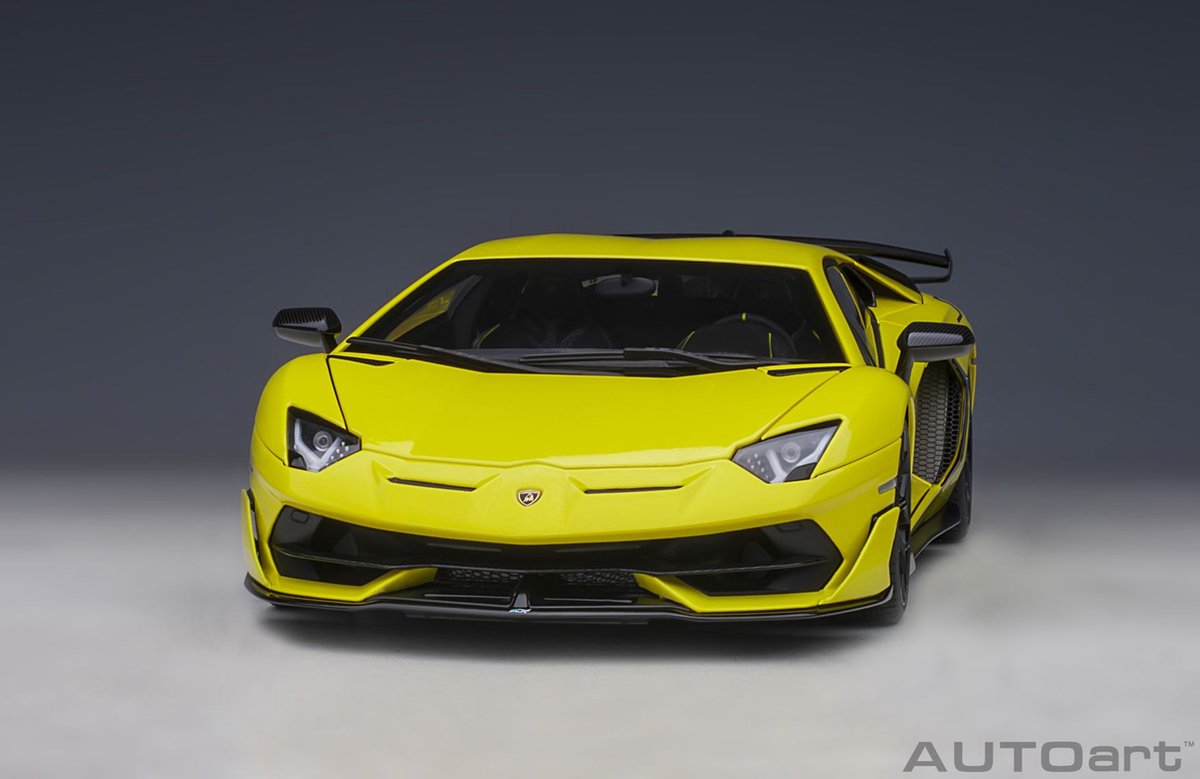 Lamborghini Aventador SVJ Baujahr 2019 gelb 1:18 AUTOart
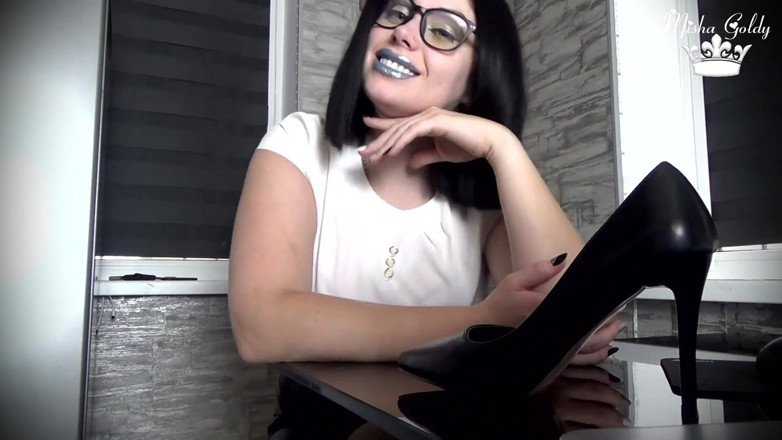 Goddess Misha Goldy: Ngửi mồ hôi của bàn chân nylon nhỏ bé của...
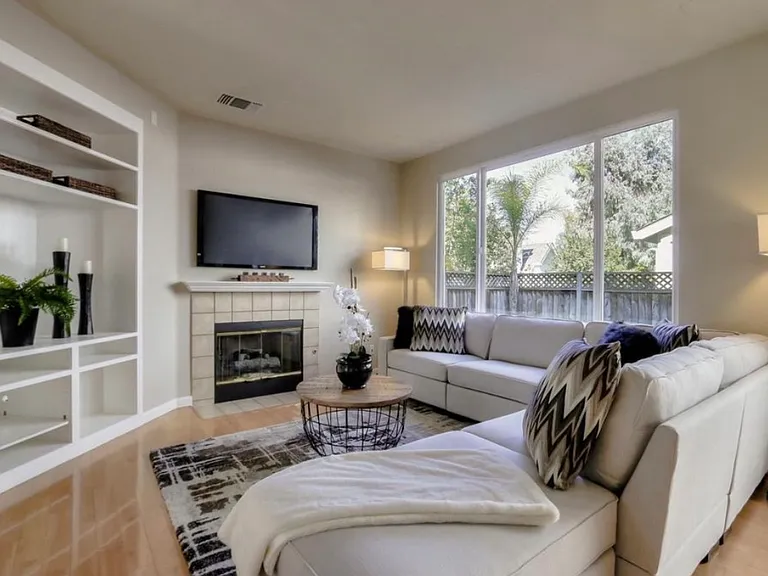 2049 Finley Pl — Photo 3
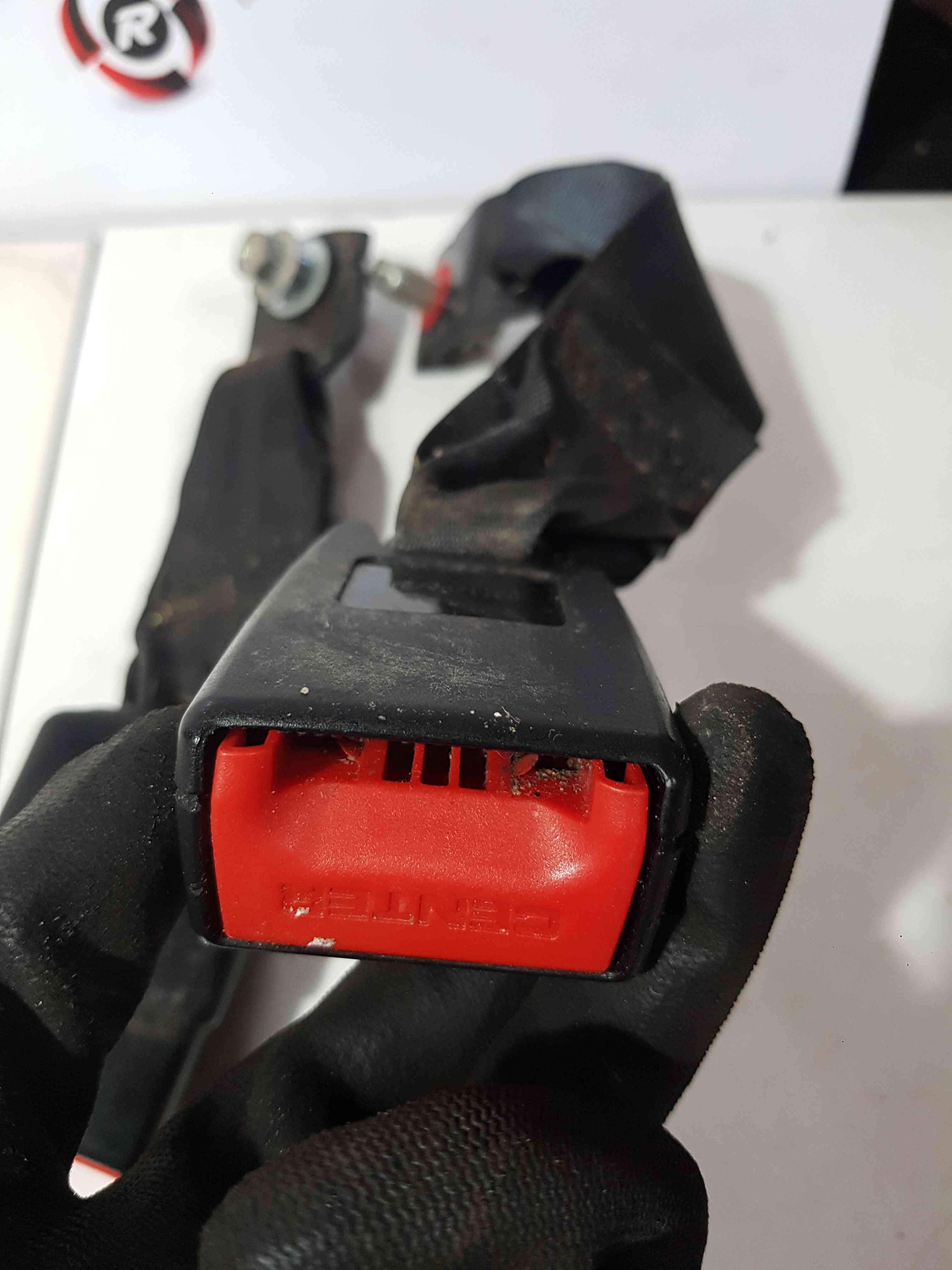 Thumb 5 Nissan Juke MK1 2010-2014 Drivers OSR Middle Seat Belt Buckle Anchor Clip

========================

**PROBLEM REQUIREMENTS:** Copy verbatim the span that opens at the line with "Goddess Misha Goldy: Ngửi" and closes at the final line of the listing. Do not carry over any pictures.

**TASK RESPONSE:**
 Goddess Misha Goldy: Ngửi mồ hôi của bàn chân nylon nhỏ bé của...
 2049 Finley Pl — Photo 3
 Thumb 5 Nissan Juke MK1 2010-2014 Drivers OSR Middle Seat Belt Buckle Anchor Clip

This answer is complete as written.